One fresh example is a resource created by education staff at Oxfam, ‘Maths and Global Citizenship’, which describes how maths can be taught with a global citizenship approach. They argue that “Global Citizenship provides real-life contexts which engage learners’ curiosity and make them want to use maths to explore patterns and formulate ideas about the world. The motivation for mathematical learning often hinges on its application. Therefore using real-life statistics is a great way to demonstrate the purpose of maths to learners and to inspire them.
In early 2014, Oxfam found that the world’s 85 richest people owned the same wealth as the poorest half of the world’s population. By January 2015, this number had fallen to 80. What story about inequality do these statistics tell? Are the numbers reliable? How was the research carried out? Does everyone agree with these figures? Learners can develop their mathematical understanding both in making sense of such data and by investigating its context and validity. Through a Global Citizenship approach to maths, learners critically analyse the statistics they are exposed to in daily life; make connections between the local and the global and then share their understanding with others.”
Kenyan Connections is a partnership between Crofting Connections and NECOFA Kenya School Gardens Initiative which works with rural schools and communities in the Eastern Rift Valley of Kenya.
Four Crofting Connections schools have been awarded funding through the British Council’s Connecting Classrooms programme to host exchange teacher visits with Kenyan schools, using food growing in the school gardens as a starting point for learning about local food production and for delivering learning for sustainability.
This conference is part of a visit to Scotland by Kenyan teachers to the participating Crofting Connections schools. It provides a valuable CLPL opportunity for teachers, as the Scottish and Kenyan partner schools share their learning with other schools.

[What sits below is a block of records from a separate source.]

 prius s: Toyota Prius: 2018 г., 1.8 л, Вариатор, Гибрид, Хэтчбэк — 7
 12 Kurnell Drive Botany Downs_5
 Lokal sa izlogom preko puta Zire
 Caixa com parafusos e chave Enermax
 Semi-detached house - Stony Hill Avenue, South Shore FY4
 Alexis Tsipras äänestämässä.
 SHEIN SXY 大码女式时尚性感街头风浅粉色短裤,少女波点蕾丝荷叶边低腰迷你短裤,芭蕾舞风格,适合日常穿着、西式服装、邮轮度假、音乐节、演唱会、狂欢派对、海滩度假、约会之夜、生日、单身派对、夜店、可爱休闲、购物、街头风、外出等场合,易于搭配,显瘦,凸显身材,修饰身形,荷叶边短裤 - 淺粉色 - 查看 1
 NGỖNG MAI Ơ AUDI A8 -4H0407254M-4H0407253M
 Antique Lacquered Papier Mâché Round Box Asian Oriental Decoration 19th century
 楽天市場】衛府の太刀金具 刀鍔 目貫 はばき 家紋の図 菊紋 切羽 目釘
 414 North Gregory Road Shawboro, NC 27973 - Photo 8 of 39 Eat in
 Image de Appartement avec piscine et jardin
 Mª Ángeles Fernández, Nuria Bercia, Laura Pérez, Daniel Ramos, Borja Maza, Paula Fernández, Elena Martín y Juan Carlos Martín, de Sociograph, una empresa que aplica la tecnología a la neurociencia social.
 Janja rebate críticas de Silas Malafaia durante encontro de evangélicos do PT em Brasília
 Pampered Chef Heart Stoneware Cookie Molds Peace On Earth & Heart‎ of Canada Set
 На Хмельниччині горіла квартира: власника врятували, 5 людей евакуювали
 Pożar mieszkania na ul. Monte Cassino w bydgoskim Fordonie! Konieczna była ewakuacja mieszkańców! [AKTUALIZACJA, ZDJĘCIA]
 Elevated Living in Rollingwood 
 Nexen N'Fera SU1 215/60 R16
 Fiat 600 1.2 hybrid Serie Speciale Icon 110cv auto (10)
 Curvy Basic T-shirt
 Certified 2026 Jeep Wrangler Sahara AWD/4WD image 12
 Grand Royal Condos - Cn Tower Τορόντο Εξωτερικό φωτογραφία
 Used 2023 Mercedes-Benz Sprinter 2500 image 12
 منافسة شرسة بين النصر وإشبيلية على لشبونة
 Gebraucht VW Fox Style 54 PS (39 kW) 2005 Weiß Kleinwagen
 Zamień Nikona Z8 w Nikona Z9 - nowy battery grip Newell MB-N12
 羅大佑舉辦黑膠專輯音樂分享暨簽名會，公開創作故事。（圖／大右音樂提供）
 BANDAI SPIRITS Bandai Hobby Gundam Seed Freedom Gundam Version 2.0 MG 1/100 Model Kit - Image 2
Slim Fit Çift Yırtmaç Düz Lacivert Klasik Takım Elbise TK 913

Speakers include Dr Margaret Bennett, writer, folklorist, singer and broadcaster; Dr Rehema White, lecturer in Sustainable Development at the University of St Andrews; Samuel Muhunyu, director of NECOFA Kenya, and Catriona Willis, Global Learning coordinator at Highland One World.
For further information and to book a place at this event, click here.
The national recommendations on learning for sustainability (LfS) require all practitioners to embed LfS in their everyday values and practice. SCOTDEC is hosting a free one day conference on Thursday 14th May, entitled ‘Global Citizenship Matters’. It is aimed at primary practitioners and leaders, providing a space to share, reflect and network. Practical workshops including storytelling, numeracy, health, sustainable living and rights and participation will provide an opportunity to explore a range of global contexts and LfS themes and approaches.